If you’ve ever felt that you’ve struggled to ‘fit in’, then you may be curious to learn the answer to my earlier question. Was the world wrong, or was I wrong, for not being able to ‘fit in’?

Ten years on from walking the Inca Trail, the truth I’ve discovered lies somewhere in between.

You’re not at fault for being unable to ‘fit in’. It’s perfectly normal for a sizeable minority of the population to feel there’s something wrong with the world. In fact, it’s a good thing that they do.

According to Irish playwright George Bernard Shaw (see quote below), you are needed for humanities progress. Society can’t advance if it’s populated exclusively by people who accept the world as it is. The people who look at the world, and don’t like what they see, are the ones best positioned to create the innovative solutions (both technological and humanitarian) that help us all advance.

‘The reasonable man adapts himself to the world,
The unreasonable man adapts the world to himself,
That’s why all progress depends on the unreasonable man.’

- George Bernard Shaw

While this knowledge should bring you comfort, I must warn you about a potential trap. You should never hate the world for not accepting you.

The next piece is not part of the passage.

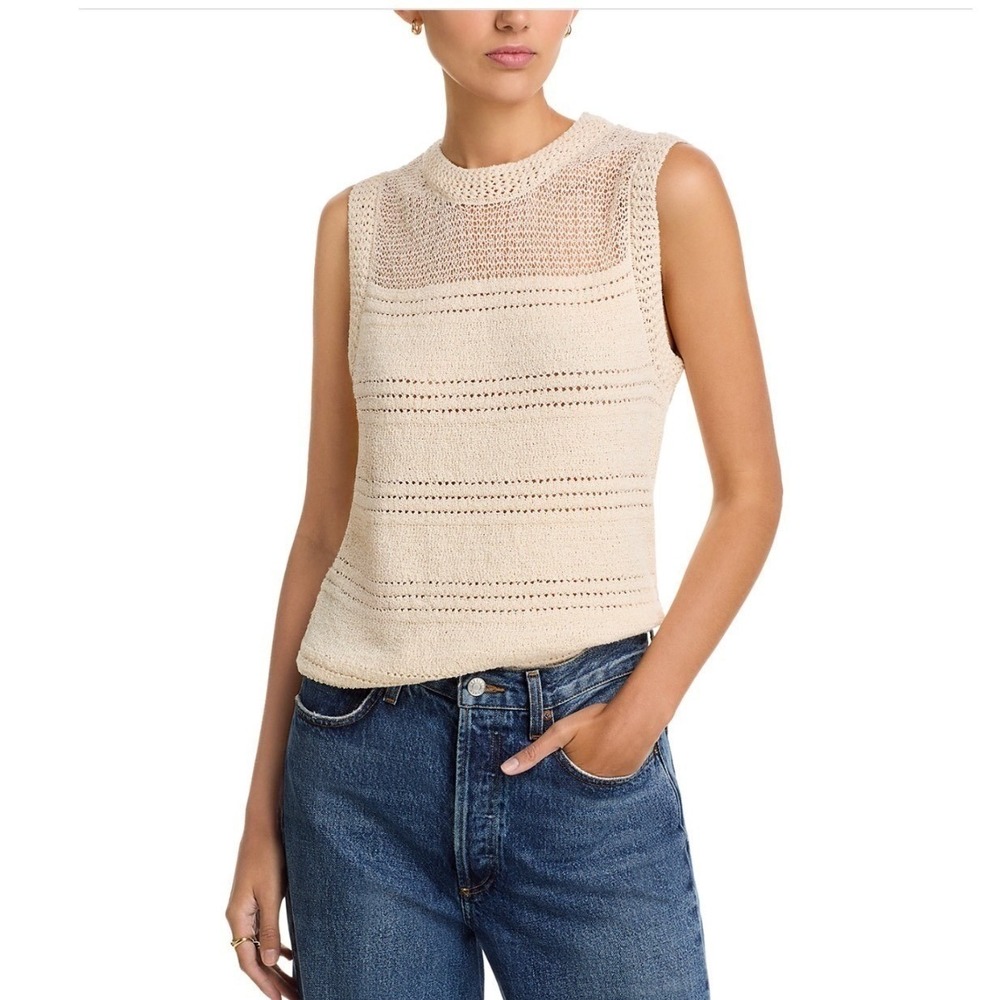 Sanctuary Waves Of Summer‎ Knit Top Macrame Textured Sleeveless Crewneck Large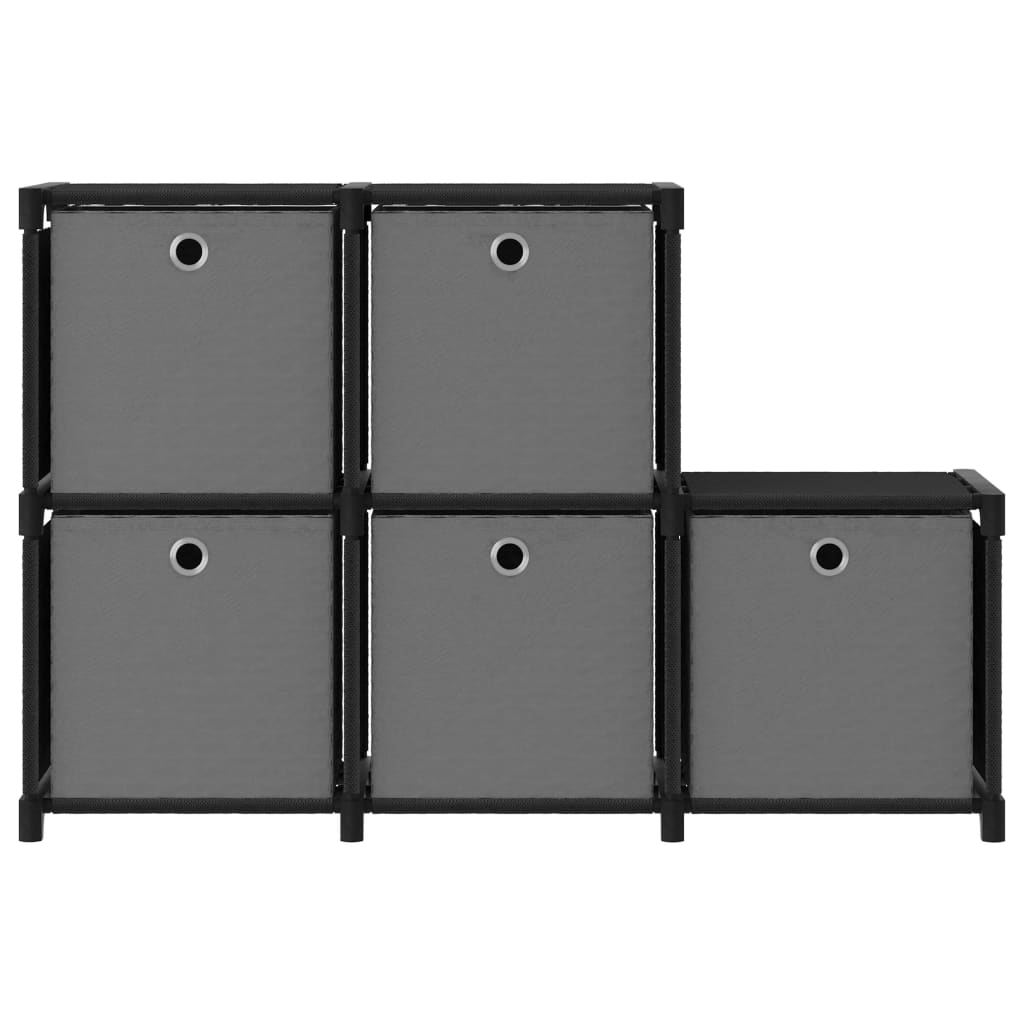 Kast met 5 vakken met boxen 103x30x72,5 cm stof zwart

Nothing productive comes of this. Neither for you, or the world.

It makes you bitter. Worse still, you become ineffective. The positive energy you need to affect a change in your life, and surroundings, gets consumed by hate.

Instead, you must ‘let go’ of your anger against a world that has rejected you.

If it’s any comfort, I learned a surprising truth when I took this difficult step. I became more accepted! Not in the sense that I was able to conventionally ‘fit in’, but, in the sense that I created a niche where I belonged.

By following the path that my Inca Trail revelation revealed, I became more authentic. I expressed myself freely and showed people what I stood for with my work and life. 

This connected with other people who felt the same way. They warmed to me because I wasn’t trying to sound like everybody else and was at peace with who I was.

So, if you take one lesson from my story, let it be this. Perhaps that world you despise for making you feel like such an outsider, is merely trying to communicate a message. You weren’t created to ‘fit in’.

Instead, let your frustration guide you to a different path. Allow yourself to be that ‘unreasonable person’ and you might discover that, ironically, the world really does need you.